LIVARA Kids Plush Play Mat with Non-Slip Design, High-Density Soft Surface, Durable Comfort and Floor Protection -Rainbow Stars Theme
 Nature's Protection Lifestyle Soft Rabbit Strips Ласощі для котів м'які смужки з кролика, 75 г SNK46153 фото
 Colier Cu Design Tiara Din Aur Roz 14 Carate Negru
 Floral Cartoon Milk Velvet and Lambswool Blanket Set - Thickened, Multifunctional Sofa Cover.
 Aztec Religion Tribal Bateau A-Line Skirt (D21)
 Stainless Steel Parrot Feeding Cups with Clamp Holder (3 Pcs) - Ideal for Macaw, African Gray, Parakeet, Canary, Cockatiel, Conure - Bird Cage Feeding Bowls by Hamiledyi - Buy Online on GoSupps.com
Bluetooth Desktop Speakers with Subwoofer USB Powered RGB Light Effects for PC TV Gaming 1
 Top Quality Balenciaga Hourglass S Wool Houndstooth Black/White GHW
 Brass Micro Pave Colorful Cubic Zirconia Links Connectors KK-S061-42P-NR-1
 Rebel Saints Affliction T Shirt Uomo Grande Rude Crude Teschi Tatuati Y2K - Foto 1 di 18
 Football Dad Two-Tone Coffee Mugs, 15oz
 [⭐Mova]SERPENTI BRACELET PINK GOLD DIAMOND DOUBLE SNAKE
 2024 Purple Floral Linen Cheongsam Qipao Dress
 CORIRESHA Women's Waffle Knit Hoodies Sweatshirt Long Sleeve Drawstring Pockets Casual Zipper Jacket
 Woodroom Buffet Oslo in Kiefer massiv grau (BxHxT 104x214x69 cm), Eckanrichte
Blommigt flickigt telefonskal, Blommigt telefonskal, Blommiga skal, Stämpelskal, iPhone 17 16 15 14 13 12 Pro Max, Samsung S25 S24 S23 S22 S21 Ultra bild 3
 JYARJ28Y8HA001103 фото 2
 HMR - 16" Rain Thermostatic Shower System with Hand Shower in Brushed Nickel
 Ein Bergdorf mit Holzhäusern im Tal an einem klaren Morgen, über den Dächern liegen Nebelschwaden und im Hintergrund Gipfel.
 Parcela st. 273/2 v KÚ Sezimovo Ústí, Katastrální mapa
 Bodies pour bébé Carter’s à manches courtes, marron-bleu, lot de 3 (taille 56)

### PROBLEM DETAILS
Exact copies of the lines from the start of the data up to the line holding "in Brushed Nickel", both included, are all that is needed.

### YOUR SOLUTION
LIVARA Kids Plush Play Mat with Non-Slip Design, High-Density Soft Surface, Durable Comfort and Floor Protection -Rainbow Stars Theme
 Nature's Protection Lifestyle Soft Rabbit Strips Ласощі для котів м'які смужки з кролика, 75 г SNK46153 фото
 Colier Cu Design Tiara Din Aur Roz 14 Carate Negru
 Floral Cartoon Milk Velvet and Lambswool Blanket Set - Thickened, Multifunctional Sofa Cover.
 Aztec Religion Tribal Bateau A-Line Skirt (D21)
 Stainless Steel Parrot Feeding Cups with Clamp Holder (3 Pcs) - Ideal for Macaw, African Gray, Parakeet, Canary, Cockatiel, Conure - Bird Cage Feeding Bowls by Hamiledyi - Buy Online on GoSupps.com
Bluetooth Desktop Speakers with Subwoofer USB Powered RGB Light Effects for PC TV Gaming 1
 Top Quality Balenciaga Hourglass S Wool Houndstooth Black/White GHW
 Brass Micro Pave Colorful Cubic Zirconia Links Connectors KK-S061-42P-NR-1
 Rebel Saints Affliction T Shirt Uomo Grande Rude Crude Teschi Tatuati Y2K - Foto 1 di 18
 Football Dad Two-Tone Coffee Mugs, 15oz
 [⭐Mova]SERPENTI BRACELET PINK GOLD DIAMOND DOUBLE SNAKE
 2024 Purple Floral Linen Cheongsam Qipao Dress
 CORIRESHA Women's Waffle Knit Hoodies Sweatshirt Long Sleeve Drawstring Pockets Casual Zipper Jacket
 Woodroom Buffet Oslo in Kiefer massiv grau (BxHxT 104x214x69 cm), Eckanrichte
Blommigt flickigt telefonskal, Blommigt telefonskal, Blommiga skal, Stämpelskal, iPhone 17 16 15 14 13 12 Pro Max, Samsung S25 S24 S23 S22 S21 Ultra bild 3
 JYARJ28Y8HA001103 фото 2
 HMR - 16" Rain Thermostatic Shower System with Hand Shower in Brushed Nickel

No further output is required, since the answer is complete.